How are you gonna persuade them that that what was in your mind was about their performance and ability as opposed to their gender?

Lawrie: And how do you then go about working with your immediate client, then the, the individual who’s under the Kosh. What are the, what are the big tutoring coaching things that you might apply? as they advance through the case and perhaps get into formal settings?

Suzanne: Well, often what I do is, you know,I can be dealing with people who are taking part in the subject of allegations and therefore part of a disciplinary process. I also act for a lot of people who seek my advice when they are the whistleblowers.

Who are going through the investigation process. And I’m sometimes asked for advice by people who are simply witnesses to an investigation process and at that stage, before you get to litigation what is quite surprising is how much, perhaps not to you, Lawrie, but to some people, how much assistance those C-suite people need.
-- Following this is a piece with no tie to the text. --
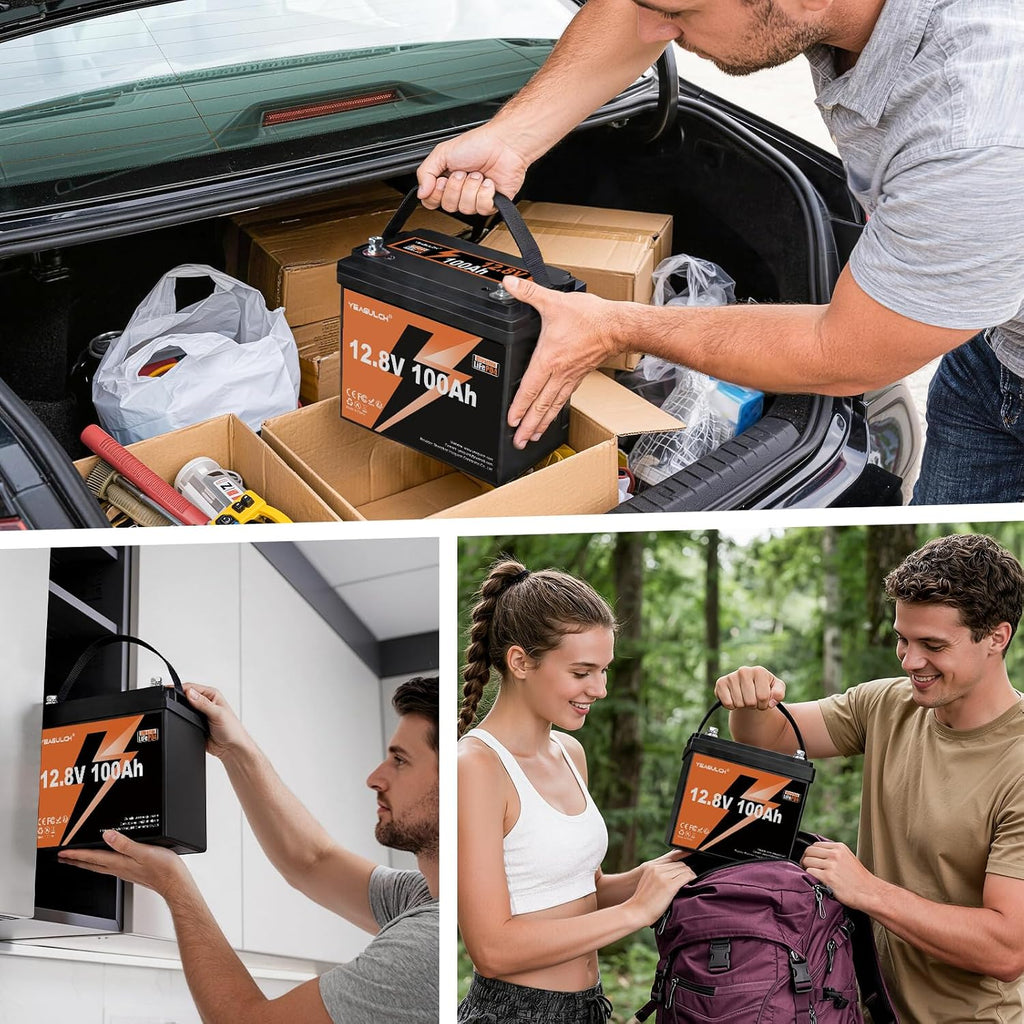 12V 100Ah Slim LiFePO4 Lithium Battery,1280Wh 15000+ Deep Cycle 100A BMS 12V Small Mini Lithium Battery Ideal for RV,Solar,Off-Grid Systems,Home Energy Storage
To navigate through that process, it’s rather more stressful than people might imagine. It may be your complaint, it may be your grievance, it may be you that’s whistle blown, but you have to be able to answer questions put to you by the investigator. You may feel as though the company is not supporting you enough.

You may feel as though the investigator is just a hired gun trying to get the answer that the company wants. That that happens more often than not. What I find slightly strange in my older age is that the clients I’m speaking to every day are not the ones in litigation. They’re the ones going through internal processes, and you do occasionally, despite my early rate, veer into counselling, but it’s welcome in the sense that sometimes you have to say to your clients, get a good night’s sleep because you’re not performing.

So I will have a sort of one-to-one session with them before an investigation meeting, before their disciplinaries and I may end up saying something as basic as that to them and say, look, you, yeah, you, you’re stumbling over your words. You don’t know your bundle. You haven’t got the references. Right. And it becomes a way of really making them realise that it is about performance.

If you don’t have everything in order and you don’t try to resolve this feeling of stress and anxiety that you have before the big day, it’s not gonna work out well for you. Mm-hmm. you, there’s also a lot, quite a lot of handholding in the sense of, you know, you can’t say it’ll be fine because it often isn’t.

But you do have to say things like, look, don’t expect the data subject access request you’ve put in to throw up all these fantastic documents because it won’t. They’ll be heavily redacted. Don’t expect the in so-called independent investigator to come down on your side. They are paid for by the company.

Don’t expect necessarily that they will listen to everything that you say and you may have to do a lot of your own homework. You may have to email them afterwards. You may have to produce your own statements. You may have to put together a bundle for them. And sometimes people find that surprising that they have to do a lot of their own work to get the points across.

So that’s partly what I’m trying to help people navigate during these processes.

Lawrie: What one of my clients describes as people who live in glass houses should not get undressed in front of the window says it all. If we talk about, then you’ve mentioned whistle blowing. Yeah and that’s beaen in the news a a growing amount it seems to me in recent times.

Mm-hmm. what are the sort of bullet points that we might put into play as regards whistle blowing and leadership in particular, and their response to whistle blowing.

Suzanne: Well, I won’t go into the legal side of it, Lawrie, in the sense that I don’t think I need to explain to your listeners what whistle blowing is necessarily, but, I will say this, it whistleblowing is not where you’re expressing concerns.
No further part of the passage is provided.